Fortunately I was able to get my skins on well ahead of C, S and J, who were all on cross country skis. It was about 2km before we reached snow consistent enough for everyone to finally be able to gear up and begin sliding. Even in a low snow year, the trek out to the lodge was strenuous but very beautiful. The terrain was wide open until we reached Callaghan Lake, where we transitioned into rolling hills through a fairytale forest.

En route to Journeyman

We were all pretty tired by the time we’d covered the 15km to the lodge, and were grateful to trade our ski boots for cozy slippers (I was especially grateful, having done the full distance in hard shell AT boots) and sink into cozy couches. Outside, it unexpectedly began to snow lightly – the first snow I’d seen in weeks that hadn’t fallen as rain.

Journeyman

The food began arriving almost immediately, with trays of delicious appies filling the gap before dinner. Our luggage arrived by snowmobile shuttle very shortly after we did, with bottles of wine tucked away in our clothing.
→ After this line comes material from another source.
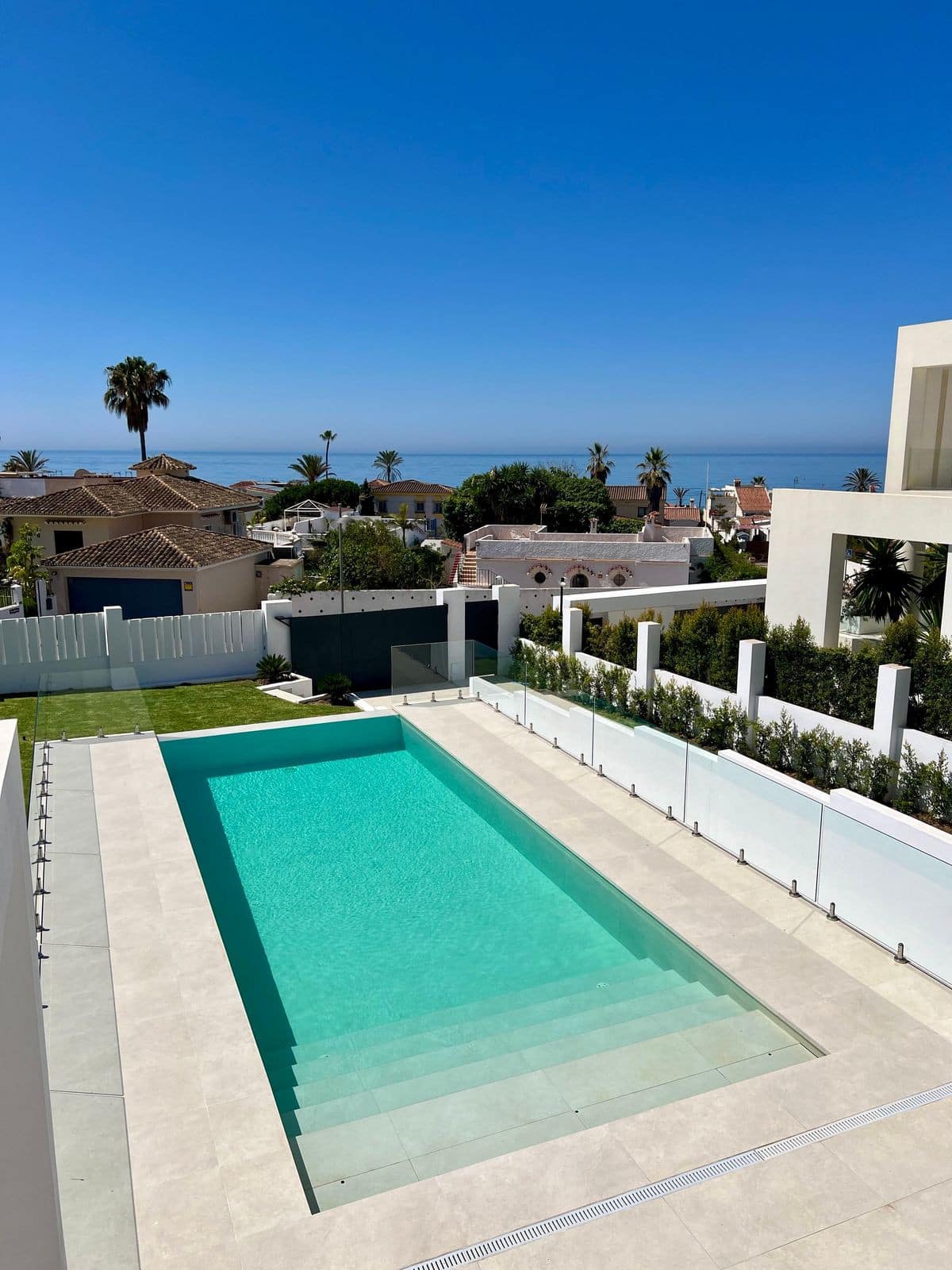 Moderne nieuwbouwvilla aan de tweede lijn strand in Elviria in Elviria - foto 10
As well as the very comfortable communal lounge, which features a pool table, dart board, selection of games and a guitar, the lodge has a beautiful sauna situated a few minutes away on Madely Creek.

Journeyman sauna

We had a couple of hours to get cleaned up and chat to our fellow guests as they drifted in, and then it was time to head downstairs for a four course candlelit dinner. The food was proper apres-ski fuel, hearty and very good. Later we retired to the lounge for a few rounds of pool and Pictionary until the generator shut down and the lights went out at 10pm.

Journeyman at dawn

J and I woke early the next morning, and went for a walk in the frozen dawn. All around the lodge peaks soared into a sky so blue it dazzled the eyes: Hidden, Journeyman, Callaghan, Solitude. The volatile freezing level had left the snowpack bulletproof ice so I knew that none of it would be good skiing in current conditions, but the terrain was the kind that dreams are made from.

Solitude

We ate breakfast in an alcove looking out toward Solitude, and I couldn’t take my eyes from the mountains. S and I had an interesting conversation where I tried to explain this endless pull toward these empty landscapes that to him present as nothing but wilderness; for me, they are all possibility and potential. Under a cover of snow the mountain changes into a place where movement becomes fluid and flowing, where you’re no longer forced to take a single step at a time but free to fly across the surface of the world.

Leaving Journeyman

We set out early for the hike home; C took a snowmobile, S and J hiked, and I skinned and then skied down once we’d crested the ridge above Callaghan Lake. It was a beautiful trip spent in amazing surroundings and luxurious backcountry comfort, with the promise of so much incredible skiing on future visits. It was also a fine way to see out our time with C and S, who are off on a whole new adventure of their own for the next year. They’ve been great company on these mini-adventures, and we’ll miss them.

Skinny planks

Until last weekend, I’d never cross country skied. Impossible, I know, but true. So J and I headed out to the Tantalus View Retreat with friends for the weekend, and from there to the Whistler Olympic Park in the Callaghan Valley. We lucked out completely on the weather; it was a perfect bluebird day, without a cloud in the sky.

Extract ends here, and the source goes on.